Tshisevhe Vhudzani, Skosana Lebogang, Motse Kagiso, Maphosa Tinashe, Mitton Barend
Lancet Laboratories, Rustenburg, South Africa.
Faculty of Health Sciences, Department of Medical Microbiology, University of Pretoria, Pretoria, South Africa.
Access Microbiol. 2021 Sep 21;3(9):000262. doi: 10.1099/acmi.0.000262. eCollection 2021.
Disseminated sporotrichosis is an incapacitating infection caused by the dimorphic fungus . Because this condition may mimic the presentation of tuberculosis, syphilis and other bacterial infections, the diagnosis may be missed or delayed.
We describe a case of disseminated sporotrichosis in a patient with poorly controlled human immunodeficiency virus infection. The patient was initially treated for bacterial skin infections. The differential diagnosis also included tuberculosis and syphilis. Only after appropriate specimens had been sent for microbiological and histopathological investigations was the diagnosis of disseminated sporotrichosis made and appropriate treatment started. The patient showed a good clinical response to itraconazole.

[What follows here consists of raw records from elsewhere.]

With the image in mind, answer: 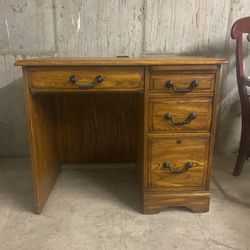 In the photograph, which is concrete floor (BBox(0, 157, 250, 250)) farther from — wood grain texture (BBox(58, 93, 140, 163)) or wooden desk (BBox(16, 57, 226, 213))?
wood grain texture (BBox(58, 93, 140, 163))

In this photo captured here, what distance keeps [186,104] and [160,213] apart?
0.62 meters

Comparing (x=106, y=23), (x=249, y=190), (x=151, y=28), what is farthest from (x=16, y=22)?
(x=249, y=190)

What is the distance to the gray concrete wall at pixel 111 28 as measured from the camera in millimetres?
1949

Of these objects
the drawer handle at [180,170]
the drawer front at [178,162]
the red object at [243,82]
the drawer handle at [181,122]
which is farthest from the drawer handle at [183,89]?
the red object at [243,82]

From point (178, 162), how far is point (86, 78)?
0.65m

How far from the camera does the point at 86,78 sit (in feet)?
4.35

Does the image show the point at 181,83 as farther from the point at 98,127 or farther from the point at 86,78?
the point at 98,127

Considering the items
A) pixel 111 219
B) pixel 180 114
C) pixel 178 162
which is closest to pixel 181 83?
pixel 180 114

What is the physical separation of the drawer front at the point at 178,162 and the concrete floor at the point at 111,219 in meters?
0.19

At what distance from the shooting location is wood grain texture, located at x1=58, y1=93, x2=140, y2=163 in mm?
1963

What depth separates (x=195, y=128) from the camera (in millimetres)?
1410

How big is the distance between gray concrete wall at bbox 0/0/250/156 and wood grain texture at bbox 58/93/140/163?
1.19 feet

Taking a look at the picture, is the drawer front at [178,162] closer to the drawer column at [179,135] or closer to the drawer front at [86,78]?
the drawer column at [179,135]

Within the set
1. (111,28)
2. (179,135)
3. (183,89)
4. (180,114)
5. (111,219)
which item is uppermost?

This report highlights the importance of having a high index of suspicion of endemic mycoses when managing immunocompromised patients. The report also demonstrates that a delay in the diagnosis of sporotrichosis increases morbidity and results in unnecessary and inappropriate treatment with associated costs and adverse effects.
播散性孢子丝菌病是由双相真菌引起的一种使人衰弱的感染。由于这种病症可能类似于结核病、梅毒和其他细菌感染的表现,诊断可能会被遗漏或延迟。
我们描述了一例播散性孢子丝菌病病例,患者为人类免疫缺陷病毒感染控制不佳者。该患者最初接受了细菌性皮肤感染的治疗。鉴别诊断还包括结核病和梅毒。仅在将适当的标本送去进行微生物学和组织病理学检查后,才确诊为播散性孢子丝菌病并开始进行适当治疗。患者对伊曲康唑表现出良好的临床反应。
本报告强调了在管理免疫功能低下患者时对地方性真菌病保持高度怀疑指数的重要性。该报告还表明,孢子丝菌病诊断的延迟会增加发病率,并导致不必要和不适当的治疗,伴有相关成本和不良反应。